Parabolant ce conflit, la mise en contexte emploie l’apparition de lycanthrope en Suisse. Dans le carton d’ouverture, il est présenté que tous les loups-garous doivent se présenter dans des abris les soirs de pleine lune. Les tenants captifs afin d’éviter tout débordement.
Le film nous présente la situation de 2 lycanthropes, un allemand et un français, venus pointer au bunker le plus proche. Pourtant, une fois devant le bureau d’admission quelque chose cloche.
Matriochka de métaphore, le film utilise des éléments de la Second Guerre Mondiale pour créer les règles de son univers.
Tout comme The Mayflower, Protection Plan Full Moon fait office d’amuse gueule. Porté par un univers construit et crédible, ce buddy movie horrifique peine à s’affirmer et se contente d’une exposition très conventionnelle.
Frustrant puisque la diègèse du film semble refléter un travail très conséquent.

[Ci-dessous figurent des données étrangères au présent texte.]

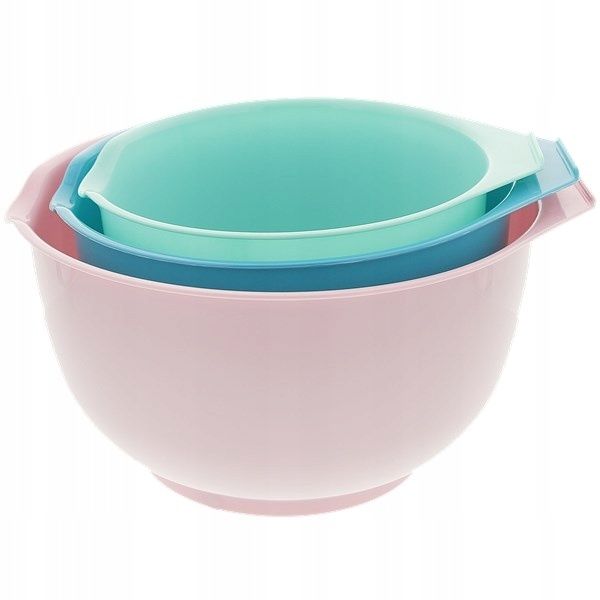 miski miska zestaw misek kuchennych 1,5 /2/ 3l pp plast1 dania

Belgique : Certains secrets sont difficiles à cacher.
A Chacun Sa Malédiction / Lorène Yavo / 2017
Bénéficiant également d’un univers développé, A Chacun Sa Malédiction est un film d’animation qu’on pourrait situer entre Zombillenium d’Arthur de Pins et Persepolis de Marjanne Satrapi.

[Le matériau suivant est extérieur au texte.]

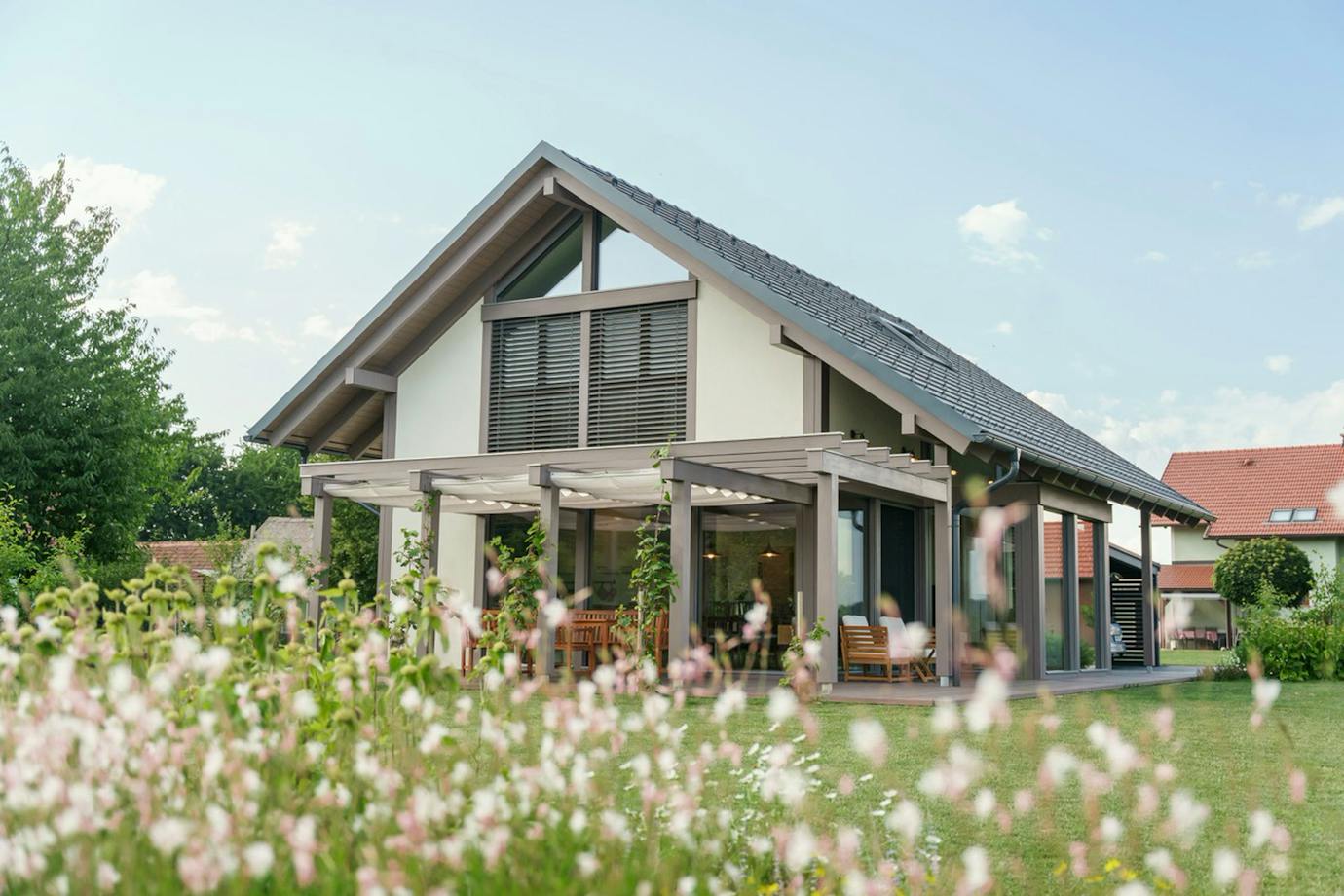 Timber-and-glass home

Court-métrage le plus pop de la sélection, le film intègre le merveilleux dans un contexte réaliste. Car malgré la douceur du dessin et des teintes, il aborde des sujets graves sans aucune retenue. Le message reste légèrement confus de même que le fonctionnement du monde qui est dévoilé. Le film fait cependant un sans faute au niveau de ses gags ainsi que son doublage, impressionnant pour un projet étudiant.
L’animation est elle aussi très réussie. Tous les personnages parviennent à se distinguer, les effets physiques (fumées, vitesse, brins d’herbes qui bougent…) sont très convaincant également.

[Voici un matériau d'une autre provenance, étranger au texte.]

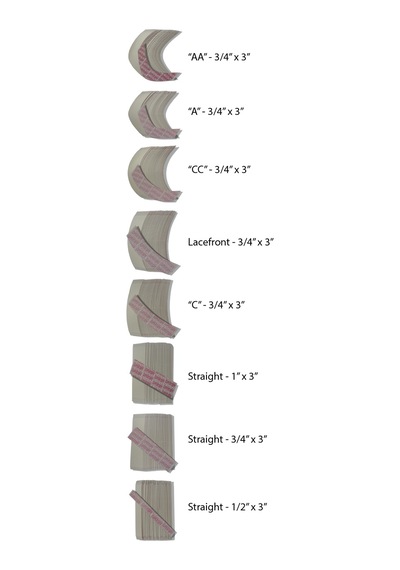 Walker Tape Protez Saç Bandı Super Tape ''C'' (2 CM x 7.5 CM) 36 Adet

Mexique : Crée ton propre monstre
Sculpted / Christian Hernandez / 2017
Ce dernier court-métrage entraîna des réactions partagées parmi le public. Sculpted est un court-métrage proche de l’expérimental orienté art plastique.
Dans une maison de retraite, une dame façonne avec de la pâte à modeler une sculpture à l’apparence humaine.
Les partis-pris de Sculpted ont en effet de quoi laisser songeur. Le film est une succession de micro-séquences, nappées d’une voix-off énigmatique. Proche des courts-métrages de David Lynch, l’image est granuleuse afin de créer une matière visuelle pour le spectateur. La réalisation s’inscrit, elle, dans le found-footage donnant à l’ensemble un résultat plutôt déstabilisant. Se bouclant sur un plan très angoissant faisant succéder des visions cauchemardesques à la Clive Barker ou H.R Giger, Sculpted vaut qu’un œil soit porté dessus par son originalité et ses choix extrêmes.
Une sélection très complète donc qui laisse de grands espoirs pour le cinéma de genre mondiale, tant les propositions sont toutes différentes et complémentaires.
A l’issue de la projection, c’est donc R.I.P de Cassas et Pinto qui remporta l’Oeil d’Or du meilleur court-métrage. Salué pour sa direction artistique et ses interprétations impeccables.